TASK DIRECTIONS »
Images should not appear in the copy, yet every line of the listing below must be printed exactly.

DATA SHOWN »
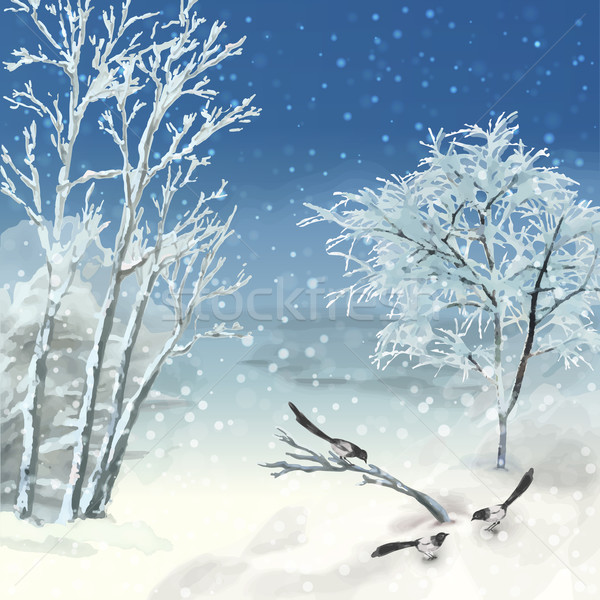 商业照片: 冬天 · 向量 · 水彩画 · 景观 · 艺术的 ·画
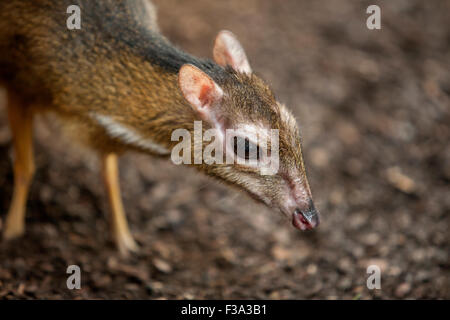 Souris cerfs ou Tragulus javanicus. Close up shot Banque D'Images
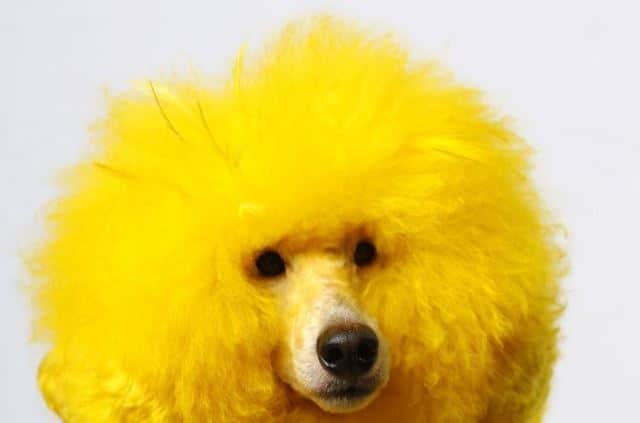 Que signifie rêver de chien jaune ?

SOLUTION TO THE PROBLEM »
 商业照片: 冬天 · 向量 · 水彩画 · 景观 · 艺术的 ·画
 Souris cerfs ou Tragulus javanicus. Close up shot Banque D'Images
 Que signifie rêver de chien jaune ?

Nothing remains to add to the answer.